Le meilleur film de King Kong est toujours le remake de 1976

Kong a été très occupé depuis qu'il s'est lancé pour la première fois à l'écran en 1933. À travers diverses suites et retombées, le singe colossal d'Hollywood s'est battu avec Godzilla, a grondé avec une version robot de lui-même, a eu un fils qui s'est rapidement noyé à mort dans l'océan Pacifique, a obtenu le traitement de redémarrage en 2017 Kong: l'île du Crâne, et, enfin, a réservé un autre match avec son plus vieil ennemi dans le prochain Godzilla contre Kong. Mais à travers cette histoire, il n'y a eu que trois films portant le titre et (relativement) même histoire de King Kong. Le film original de 1933 des réalisateurs Merian C. Cooper et Ernest B. Schoedsack est sans aucun doute un tournant pour les effets visuels, avec à peu près toutes les franchises d'horreur et les blockbusters modernes qui doivent quelque chose à Willis O'Brienspectacle en stop motion. La seule façon dont le remake de 2005 aurait pu être plus une lettre d'amour au personnage est s'il comprenait un plan ininterrompu de 45 minutes du réalisateur.
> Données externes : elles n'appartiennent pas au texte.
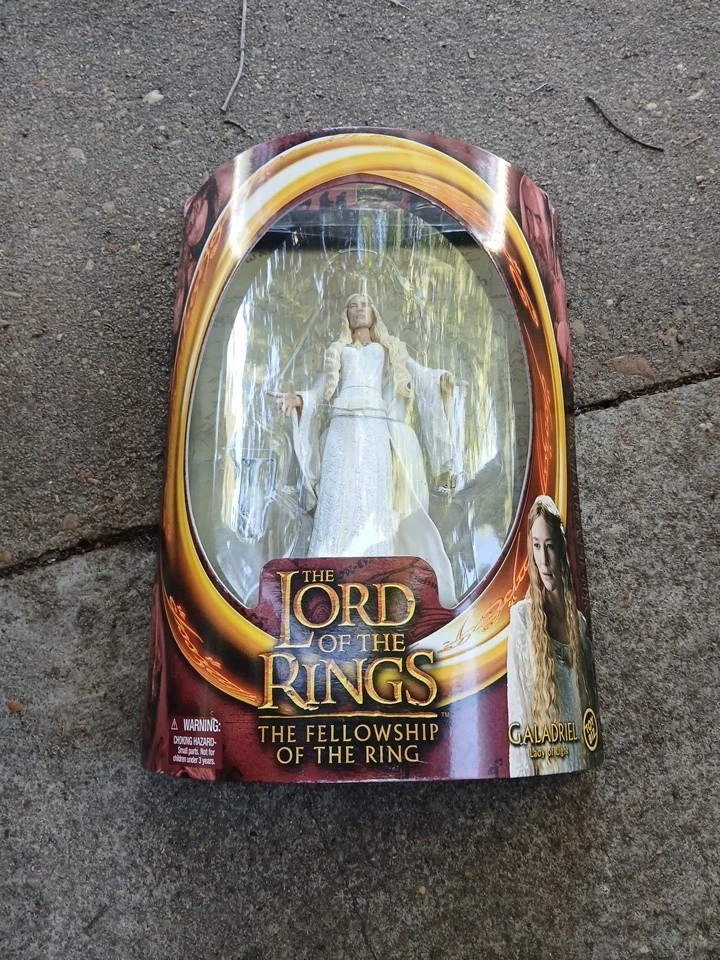 Lote a granel de (4) figuras LOTR Merry & Pippin, Berserker Uruk-Hai, Galadriel, Sam Foto 3 de 4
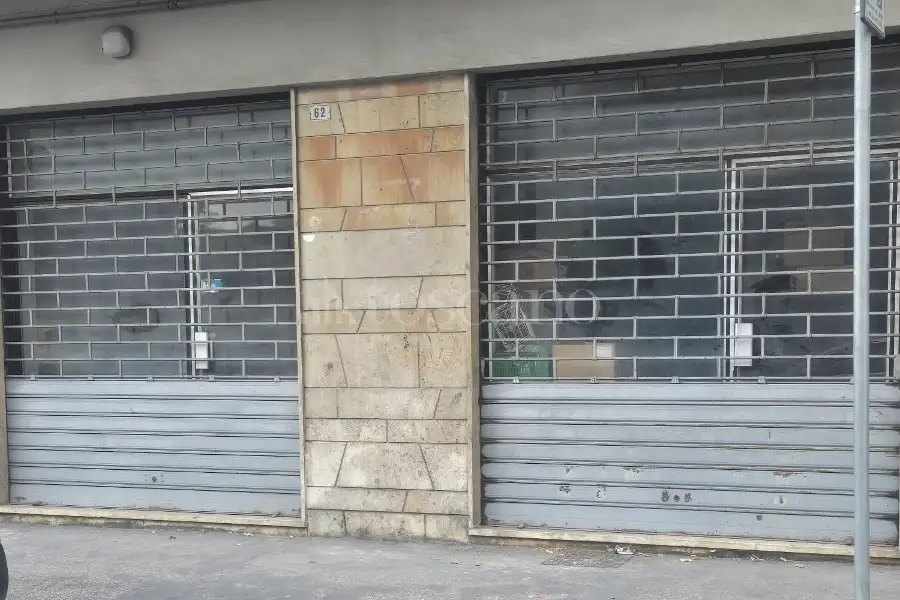 Negozio in affitto di 70 mq a €500 (rif. 62/2026)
Peter Jackson appelant Kong son «grand garçon spécial». Mais, niché entre ces deux versions se trouve le première remake, un défilé de 1976 réalisé par un fou britannique de films d'aventure John Guillermin cela, après une récente relecture, reste la meilleure itération du grand gars. Laissez-moi expliquer.

Jessica Lange à King Kong
Image via Paramount Pictures

Je mentirais carrément si je disais qu'il n'y a pas une tonne de sensations fortes dans ce film. C'est exactement ce que Guillermin, producteur Dino De Laurentiiset scénariste Lorenzo Semple, Jr. voulait dès le départ, une course à sensations fortes à gros budget. "Nous pensions que les temps avaient tellement changé que le public était plus sophistiqué. Dino a estimé que nous pourrions nous amuser plus avec", a déclaré Semple Jr. Starlog en 1976. À un moment donné du film, King Kong fait des sauts en longueur entre les deux bâtiments du World Trade Center en tant que barbu agressivement Jeff Bridges hurle de triomphe, ce qui, oui, est un moment assez amusant. Et oui, Kong lui-même est avant tout un homme (Rick Baker, principalement) dans un costume – le type exact de processus que Cooper appelait autrefois «rabaissant» lorsqu'il a été utilisé pour la première fois en 1962 King Kong contre Godzilla– mais c'est avec un impressionnant masque expressif créé par l'artiste d'effets Carlo Rambaldi, et le film présente des œuvres miniatures incroyablement bien âgées, en particulier dans le rodage de Kong avec un train surélevé.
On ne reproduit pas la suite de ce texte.